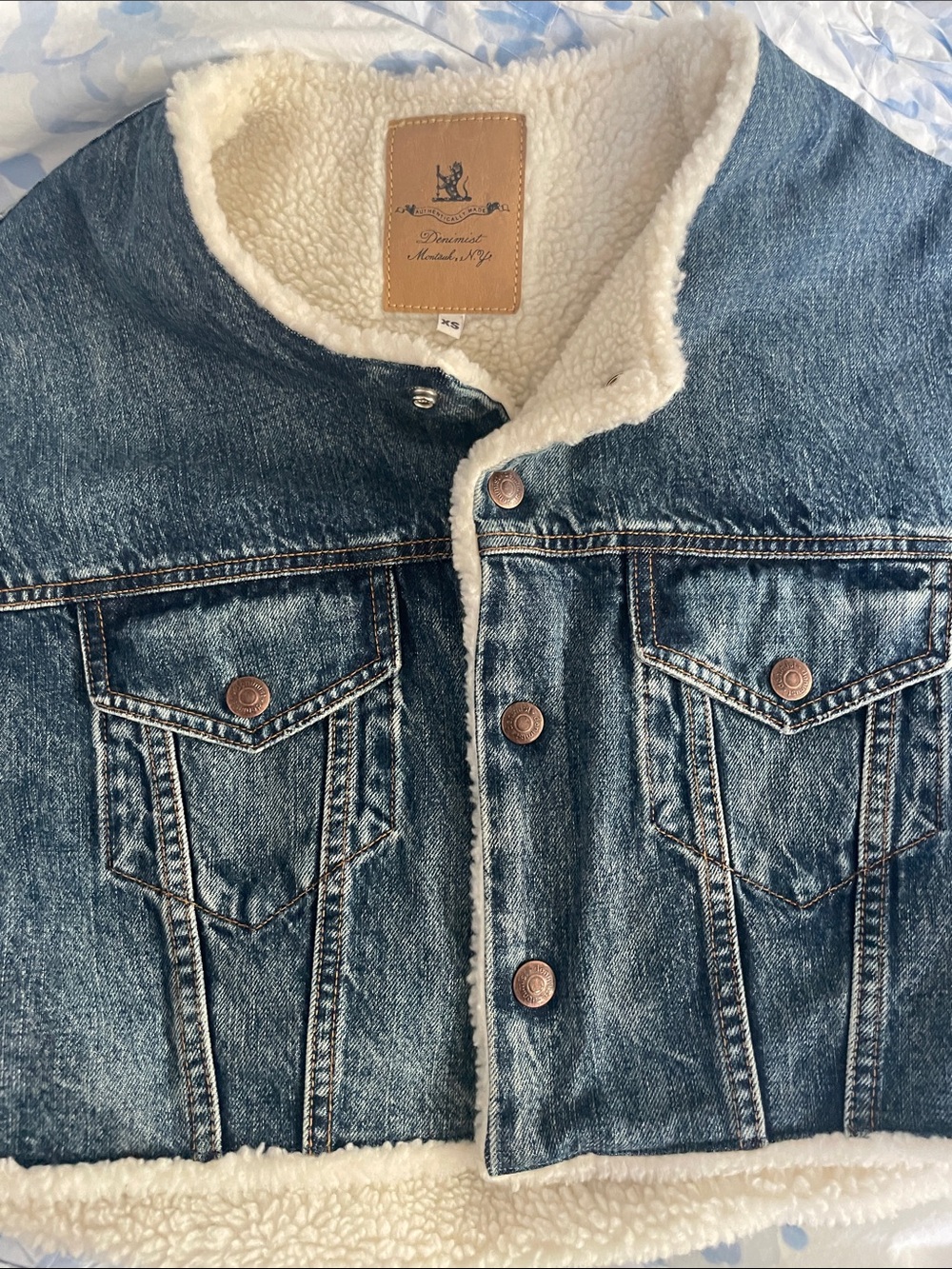 Denimist x Free People Faux Shearling Oversized Cropped Denim Jacket Jean lined - Picture 6 of 10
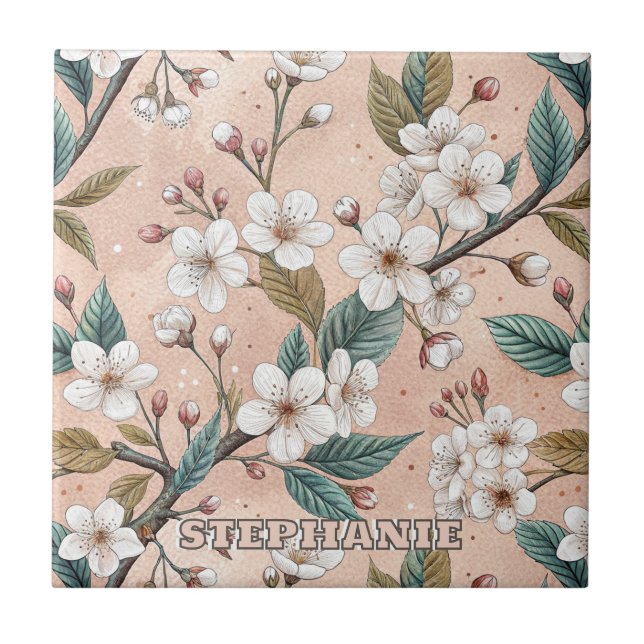 Pink Cherry Blossom Sakura Pattern on Pink (4) Ceramic Tile (Front)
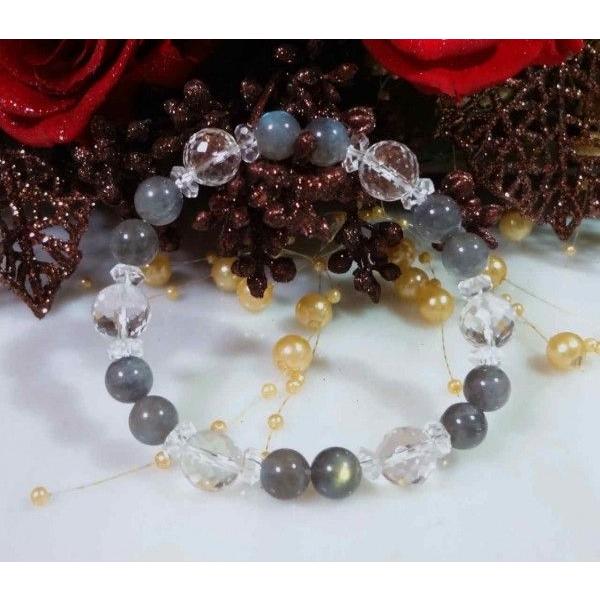 229 天然石 ブレスレット ダビデの星 ラブラドライト 水晶　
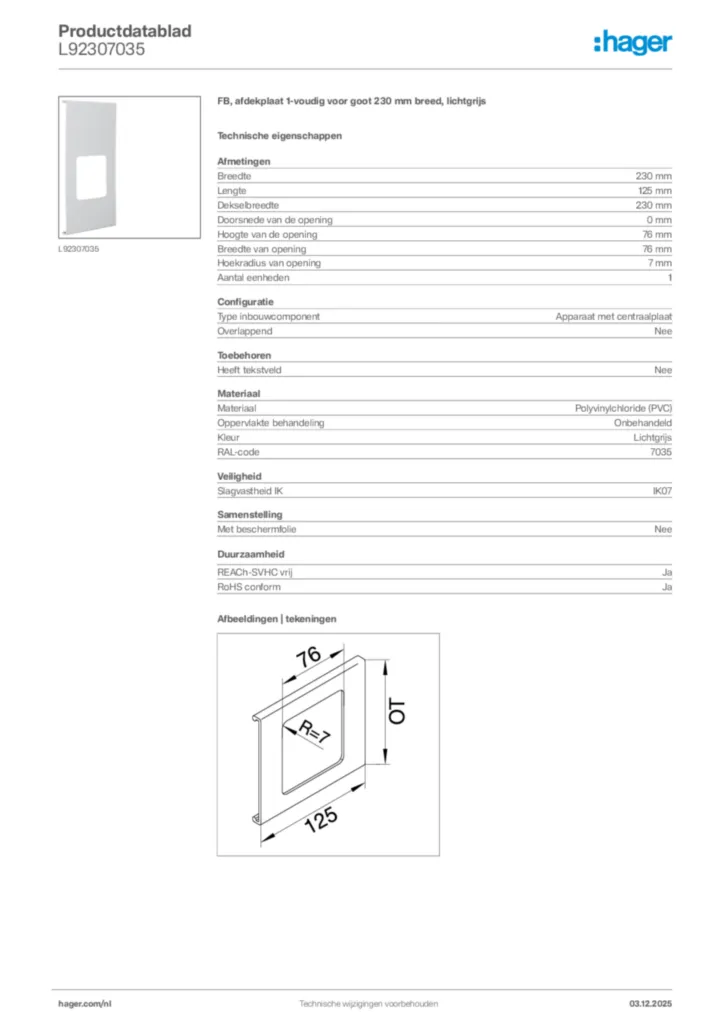 Afbeelding Hager Productdatablad L92307035 | Hager Nederland
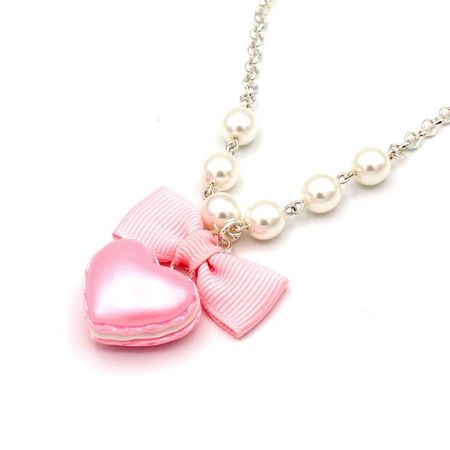 macaroon pink kawaii necklace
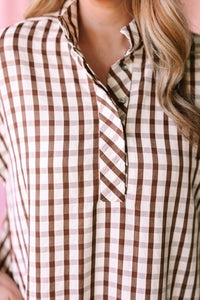 Brown Gingham Midi Dress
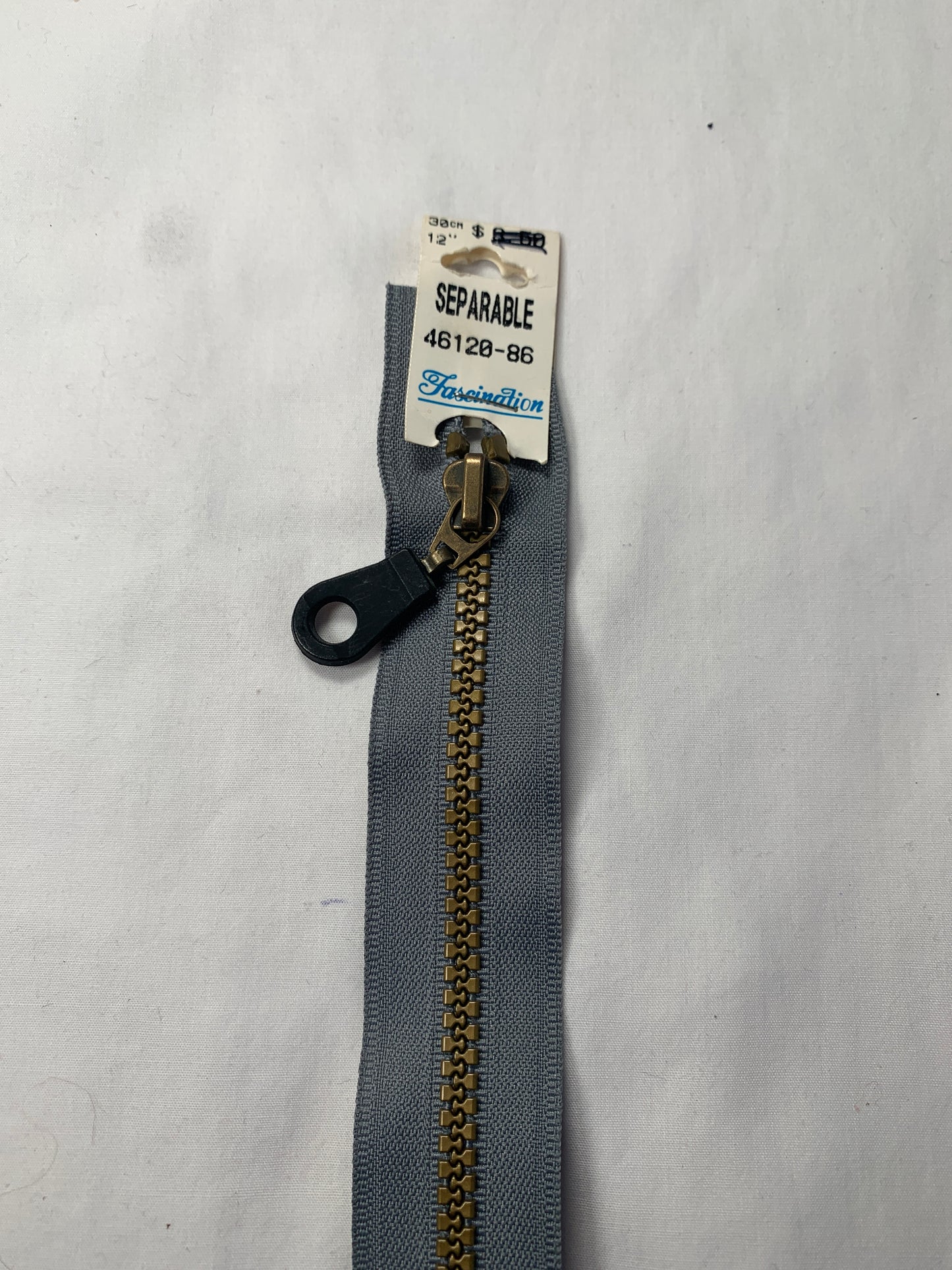 Molded Plastic Zipper, Separating, 12 Inch, Medium Grey, New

----

◆ THE TASK: A word-for-word copy of the entries is needed, with no pictures in it.

◆ RESPONSE AREA:
 Denimist x Free People Faux Shearling Oversized Cropped Denim Jacket Jean lined - Picture 6 of 10
 Pink Cherry Blossom Sakura Pattern on Pink (4) Ceramic Tile (Front)
 229 天然石 ブレスレット ダビデの星 ラブラドライト 水晶　
 Afbeelding Hager Productdatablad L92307035 | Hager Nederland
 macaroon pink kawaii necklace
 Brown Gingham Midi Dress
 Molded Plastic Zipper, Separating, 12 Inch, Medium Grey, New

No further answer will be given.